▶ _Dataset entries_
----------
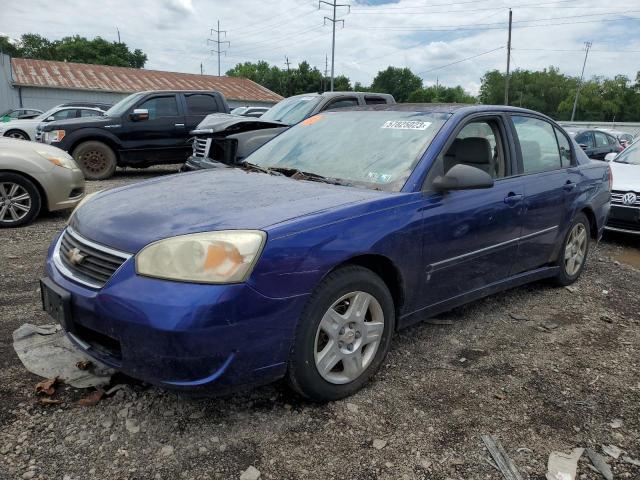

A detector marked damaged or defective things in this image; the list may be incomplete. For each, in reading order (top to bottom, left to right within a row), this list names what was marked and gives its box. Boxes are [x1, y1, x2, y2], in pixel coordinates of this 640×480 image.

building with rusty metal roof [0, 53, 282, 112]
dented hood [191, 112, 286, 135]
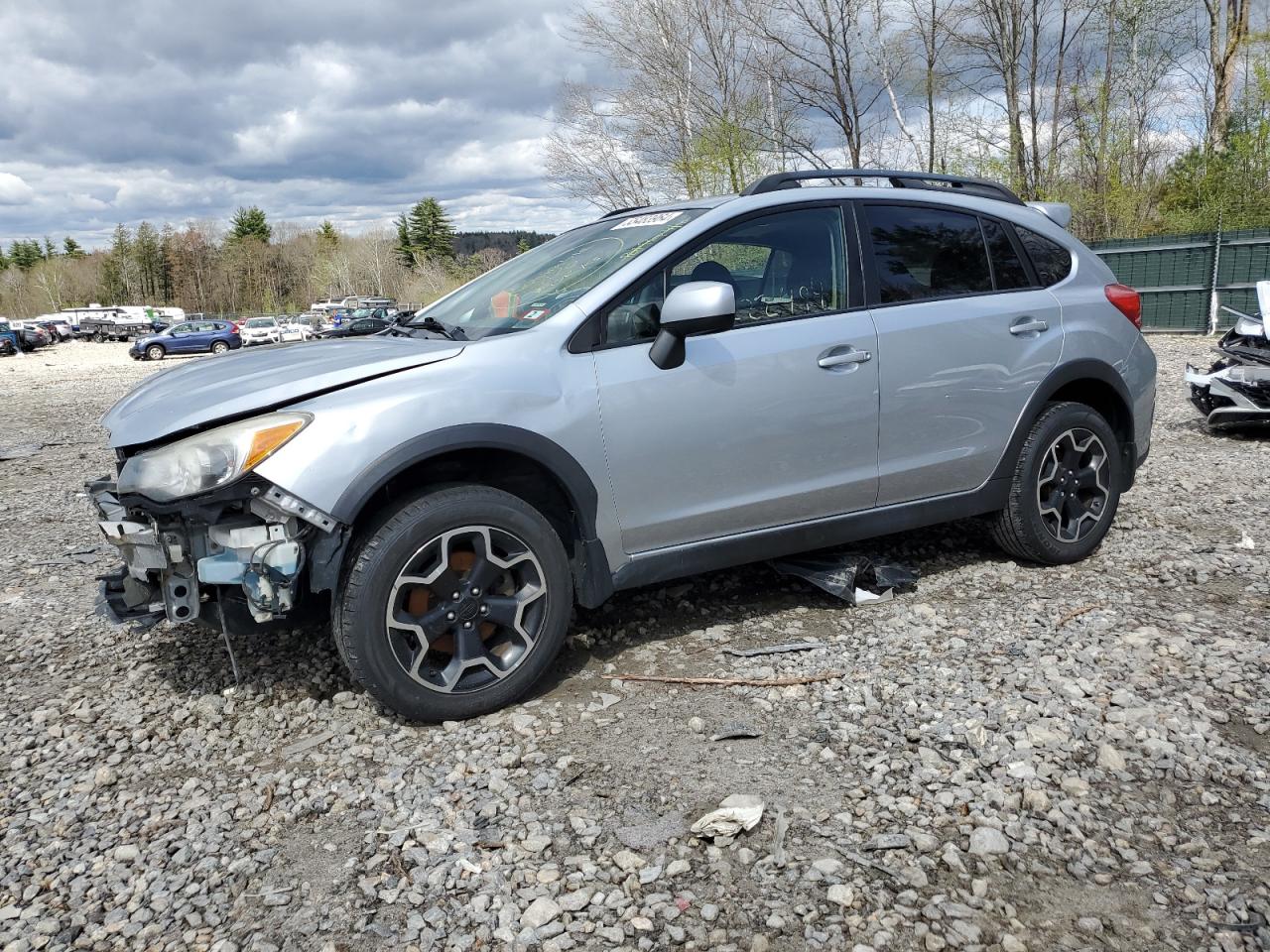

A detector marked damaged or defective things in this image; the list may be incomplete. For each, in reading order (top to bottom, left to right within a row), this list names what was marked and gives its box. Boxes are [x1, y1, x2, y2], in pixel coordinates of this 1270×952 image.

wrecked white car [1183, 279, 1270, 428]
damaged front end [1183, 286, 1270, 431]
damaged front end [88, 414, 347, 629]
broken plastic piece [767, 550, 919, 604]
broken plastic piece [696, 791, 762, 837]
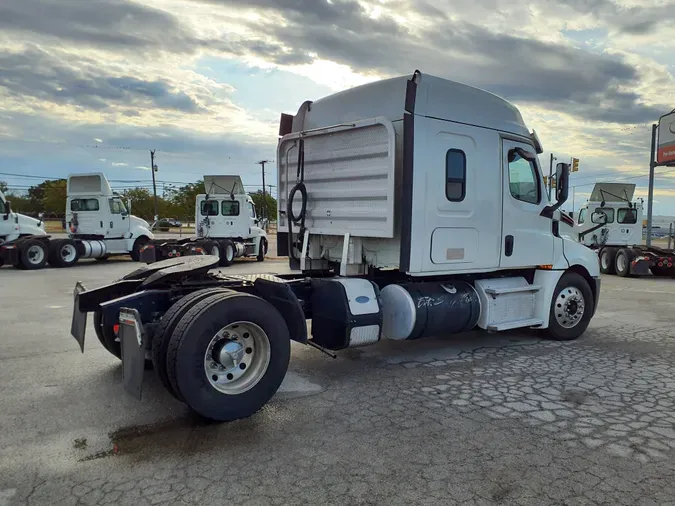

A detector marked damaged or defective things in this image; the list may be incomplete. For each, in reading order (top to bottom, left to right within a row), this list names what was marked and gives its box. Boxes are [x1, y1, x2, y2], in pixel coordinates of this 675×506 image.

cracked pavement [1, 262, 675, 504]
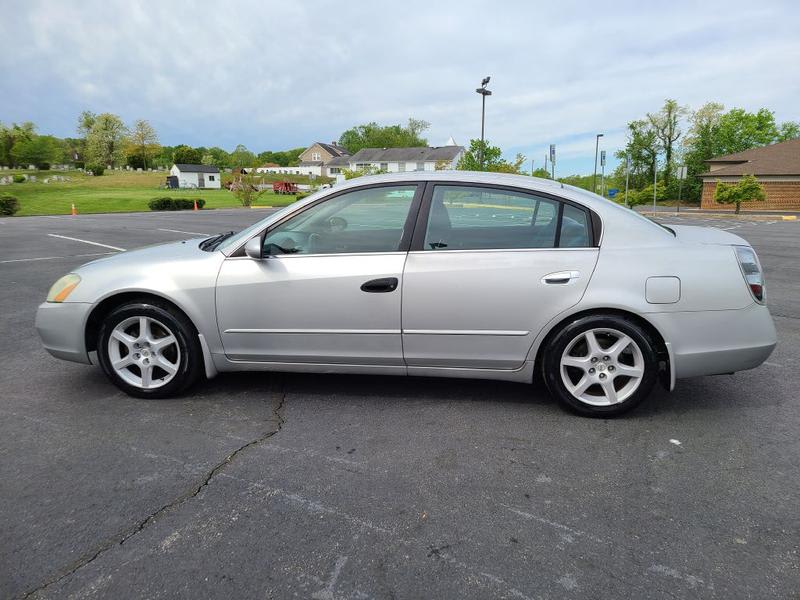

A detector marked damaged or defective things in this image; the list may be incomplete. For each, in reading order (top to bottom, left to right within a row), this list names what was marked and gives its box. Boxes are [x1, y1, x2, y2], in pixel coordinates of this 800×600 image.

crack in pavement [17, 378, 288, 596]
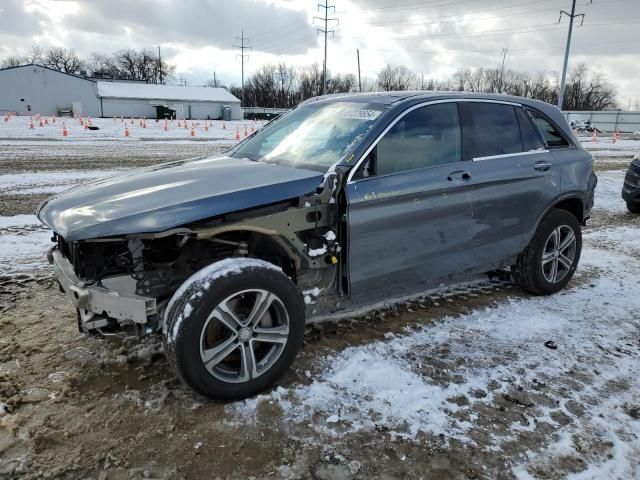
----------
▶ _GOAL OF THE EXERCISE_
Take only the line containing "this 800×600 image." and every line after it to the end of the entries, and copy them exactly, pictures excluded.

▶ _FINAL ANSWER_
A detector marked damaged or defective things in this image; the list may be incomplete. For each, in reading order (top to bottom, left to right within a row), this list names what was marked and gives its box. Boxes are [x1, y1, x2, y2], in pixel coordinates of this 800×600 image.

crack in pavement [17, 378, 288, 596]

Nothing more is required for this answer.